When Ford cars start running on Android, Google could have another way to peek at our data, experts say.

Ford and Google have formed a collaborative group called Team Upshift to bring Android to Ford vehicles in 2023 and work on future updates. Based on Ford’s blog post about the partnership, it sounds like Google will take over Ford’s operating system duties, leaving Ford engineers to work on "unique Ford and Lincoln customer innovations." It’s convenient for users, and for Ford, but there are two problems. One is Android security, and the other is Google, itself.

"Google will probably try to cash in on the data it gets from drivers," Paul Bischoff, privacy advocate at Comparitech, told Lifewire via email. "Google Maps integration alone is a massive trove of valuable data that Google can use to track drivers’ locations, traffic conditions, and even with whom they’re traveling. This data is, in turn, used for advertising."

Convenience vs. Security

Using Android to run the non-driving parts of a car is convenient for Ford because the automaker can more of less just drop it in. 

"Technology is often easier to purchase than to develop," automotive expert Melanie Musson of AutoInsurance.org, told Lifewire via email, "and Ford has decided to stop funding their smart-feature development and instead pay for Android and Google technology."

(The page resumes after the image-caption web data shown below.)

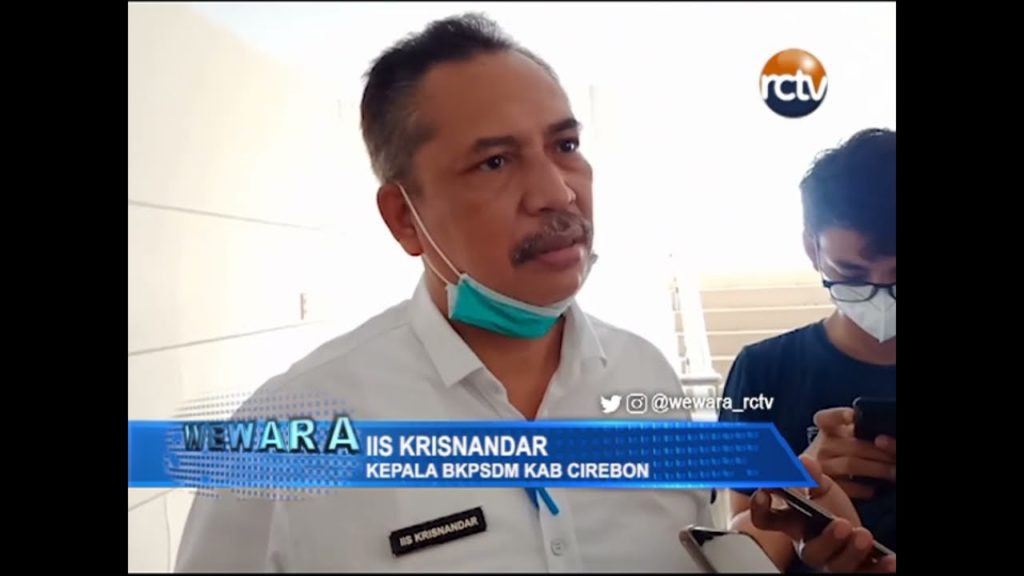 Kab Cirebon Usulkan 4300 Kuota PPPK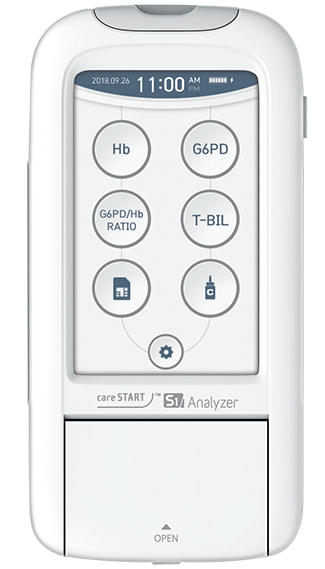 careSTART™ S1 Analyzer του οίκου Wells Bio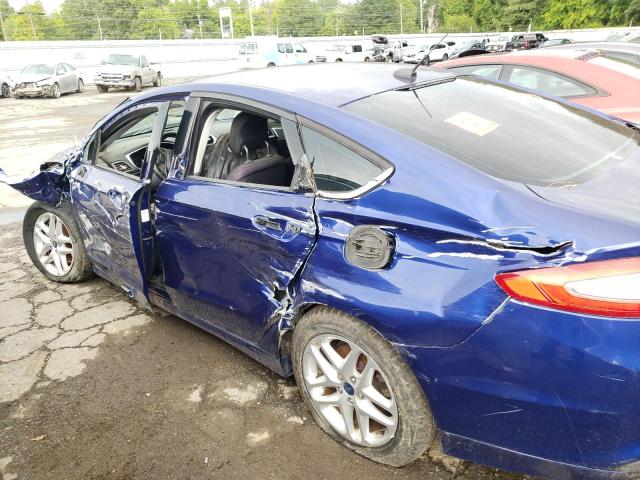 Photo 9 from auction – 2013 FORD FUSION SE with VIN 3FA6P0H72DR228763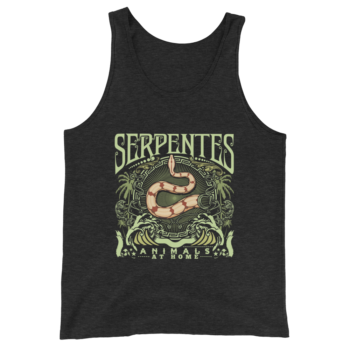 AAH Serpentes Tank Top - Image 3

It’s also handy for drivers. If you’re used to Android, and/or you use Google’s apps regularly, then you’ll find Ford’s infotainment system familiar. 

But this convenience comes at a cost.

"Ford owners should expect to be required to agree to the usual Google data collection..."

First, users should be cautious about the apps they allow into their car. Your phone is already a trove of data, ready to be mined by unscrupulous app makers. Android apps, just like iOS apps, contain trackers that send all kinds of data back to either the developer, or to third-party companies that pay app makers to put tracking code into their apps.

Cars aren’t likely to be any worse, privacy-wise, than your phone, but given our ability to ignore privacy risks when offered convenience, they probably won’t be much better, either.

"The problem with some third-party apps is the user may not know what information the app is taking and using," says Musson.

The Google Problem

And then there’s Google itself. Like Facebook, Google’s ad business runs on the information it can collect about its users. And a car is a rich vein, with location data, entertainment choices, and so on. Ford will also be using Google as its cloud provider.

Ford promo image showing their partnership with Google
Ford

"One of the touted benefits of this joint venture is that the system will store driving data to improve the driver experience and help Ford develop better features to fit customer needs," explains Musson. "Google is not supposed to have access to this information even though it’s stored in their cloud service. The problem is that once information is stored, it can be accessed."

All it takes is an unnoticed change to the software licensing agreement, and your data is fair game.

"Google is all about collecting data from users," Chris Hauk of consumer privacy group Pixel Privacy told Lifewire via email, "so Ford owners should expect to be required to agree to the usual Google data collection in order to get the full use of their infotainment systems."